Simcity is pretty much the closest that games have ever come to real-world politics (at least in the mainstream, sorry Molleindustria.) You could argue about what angle it pushes, if any; it has a public health and education system, yet taxing the poor away works a charm. However, you can’t deny that it champions strong urban planning. And above all other planning theories or policies, it most encourages The Grid. It minimises busy intersections, maximises useful space for zoning, and the straight lines are just faster to drag out. Look at any game bleakly ( religiously? ) and it can be reduced to ritual. SimCity has the ritual of the grid. Road tool + draw a 6 by 10ish rectangle + zone fill + repeat.

My mind often wanders while playing games. Generally I’ll come to during a cutscene or loading screen. When I drift off in SimCity I make tract housing & soulless business parks. I realise I’ve filled a plot with a thriving, if soulless town, and start up a new city. Cathartic in a way, but it hardly seems in spirit of the game. I have no connection to the towns. No road is special, I have no problem mowing entire suburbs down to expand a road out or lay rail tracks. My ‘gamer instincts’ drive me to maximise my time/effort. I find the most efficient playstyle (the grid), switch off my brain, and stop ‘playing’. No! This is a game I loved, a game that helped define my ideas on what this medium can do, a game that makes urban planning fun, for fucks’ sake. So I turned to Thief.

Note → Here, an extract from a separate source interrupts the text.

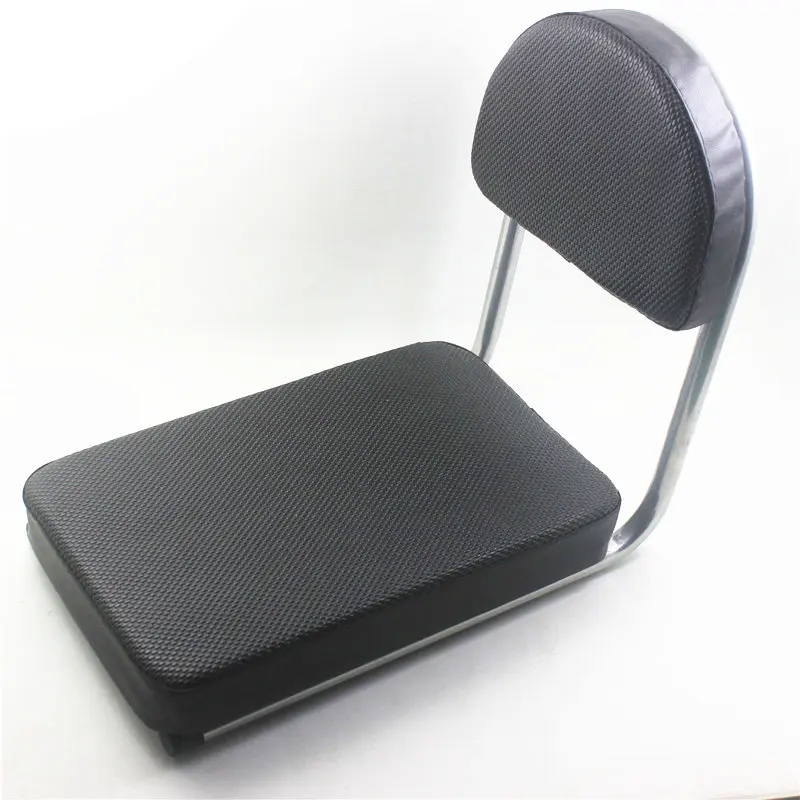 

2018 CHOOSE City Bike Saddle Mtb Bike Rear Saddle Cushion Child Bike Saddle Bicycle Seat 2 Colors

‘Ghosting’ is a player-enforced difficulty level for the Thief series, where you can’t be noticed at all, you can’t damage AI or knock them out, and some other specific rules must be obeyed. If you know the game well enough to play on auto-pilot, ghosting may be the only way to stay engaged with a series you love. By reintroducing new challenge, unfamiliar rules, a player is forced to pay attention to actions they would otherwise have made without thought. A guard in a doorway with his back turned becomes a difficult obstacle & puzzle, rather than an automatic blackjack+hide body+proceed. Another example would be playing the pacifist, or following traffic laws in GTA.

I applied the same idea to SimCity, and proclaimed myself some new commandments. No neighbouring blocks could be the same size/shape. Roads can only be straight for a certain length. No pre-planning motorway/transit routes. Minimise bulldozing. Suddenly I had cul-de-sacs, wiggly streets, diagonal railways. The added challenge wasn’t laying down suburbs, but was coping with growth. No longer could I simply alternate one-way roads or force a highway through, I’d have to make elaborate roundabouts and monorail tunnels. Suddenly my cities had personality again. That road with the dog leg is way too congested but there’s no room to expand it. This old hotel was my first multi-story building, and I have to demolish it to make room for a bridge. I had to put that expensive curve in the highway was to avoid demolishing the zoo. I had rediscovered that feeling I had when a primary school friend showed me Simcity2000 (We made a single residential zone that spent all the cities funds and covered most of the map. I think 3 houses were built and immediately abandoned.)

A game is in the performance of play. But if you can put a game through the motions without being engaged with it, is that still play? Physical games often have house rules, or are adapted to fit the players of the moment. This keeps them fresh, suitable for different groups, alive. Just because video games have a computer to make sure the designer-god’s rules are followed doesn’t mean a player can’t build their own around them. Keep playing with the games you love.